Nach dem derzeitigen Stand der weltweiten Bemühungen um den Biodiversitätsschutz können nur 2 der 20 im strategischen Plan zum Biodiversitätsschutz vereinbarten Ziele bis 2020 überhaupt erreicht werden. Erhebliche Anstrengungen werden vonnöten sein, damit die internationale Staatengemeinschaft ihren eigenen Ansprüchen genügt.

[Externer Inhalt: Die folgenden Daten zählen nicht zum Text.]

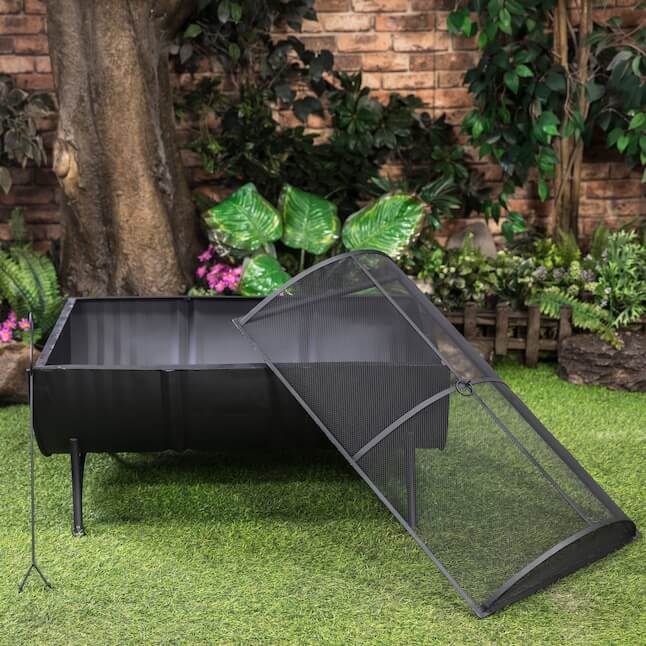Black barrel firepit with hinged mesh spark screen set open at an angle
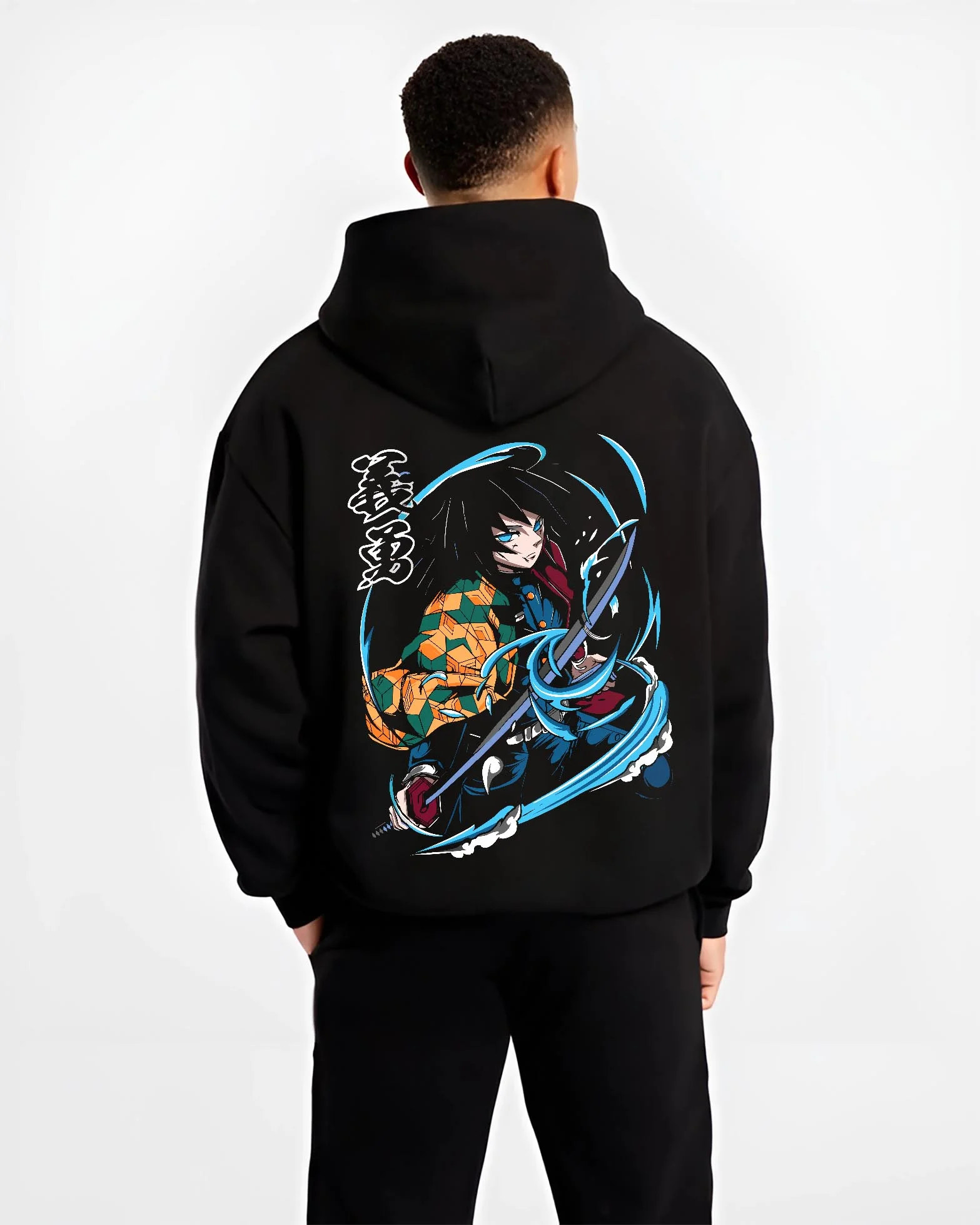 Black hoodie worn by male model, back view with Demon Slayer Hoodie Giyu Tomioka Sword Slash Jumper graphic streetwear graphic.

Dennoch sahen Schweizer Umweltverbände wie Pro Natura, BirdLife Schweiz, Public Eye und WWF Schweiz "neue Impulse zur Rettung der Biodiversität", die von wichtigen Beschlüssen der Konferenz ausgingen. Beispielsweise einigte sich die Staatengemeinschaften darauf, dass der Strategische Plan zum Schutz der Biodiversität 2020 deutlich schneller und engagierter umgesetzt werden müsse. Die 20 Ziele des Plans müssen in politisch verbindliche nationale Aktionspläne zum Schutz der Biodiversität übersetzt werden. Land- und Forstwirtschaft sollen nachhaltig erfolgen und den Belangen der Biodiversität Rechnung tragen. Schädliche Subventionen müssen abgebaut, Dünger und Pestizide so wenig wie möglich benutzt, und agrarökologische Ansätze verfolgt werden. Ein umstrittener Vorstoss der EU und Brasiliens, vor dem Hintergrund der wachsenden Weltbevölkerung eine "Nachhaltige Intensivierung" der Landwirtschaft zu fördern, wurde bei der Konferenz erfolgreich abgewehrt, berichten die Verbände. Auch ein Plan für die Reduzierung der Plastikverschmutzung in den Weltmeeren wurde entwickelt. Darüber hinaus habe die Konferenz einen "ersten Schritt" gemacht, um Schlupflöcher im System für eine gerechte Aufteilung des Gewinns aus der Nutzung genetischer Ressourcen (Nagoya Protokoll) zu stopfen. Diejenigen, die mit genetischen Ressourcen einen Gewinn erzielen, müssten etwas an die Ursprungsländer zurückgeben. Umstritten blieb, ob dies auch für die betreffenden genetischen Informationen gilt.

Der BUND reagierte ernüchtert: "Beim Schutz unverzichtbarer Lebensräume wie Regenwälder, Korallenriffe, Flussauen oder Moore muss die Weltgemeinschaft mehr tun. Dem globalen Massensterben vieler Tier- und Pflanzenarten, insbesondere auch von Insekten, muss endlich wirksam begegnet werden", sagte der BUND-Vorsitzende Hubert Weiger.

Weiger lobte die Gründung der "Koalition der Willigen" aus europäischen und lateinamerikanischen Staaten, um den Schutz von Bestäuberinsekten wie Bienen voranzutreiben. Deutschland müsse sich international für eine Abkehr vom Pestizideinsatz einsetzen, forderte der BUND. "Erforderlich ist ein sofortiges Verbot von biodiversitätsschädigenden und insektengefährdenden Pestiziden wie Glyphosat und Neonikotinoiden", sagte Weiger. 90 Prozent der wild blühenden Pflanzenarten und 75 Prozent der Nahrungspflanzen seien auf die Bestäubungsleistung von Insekten angewiesen.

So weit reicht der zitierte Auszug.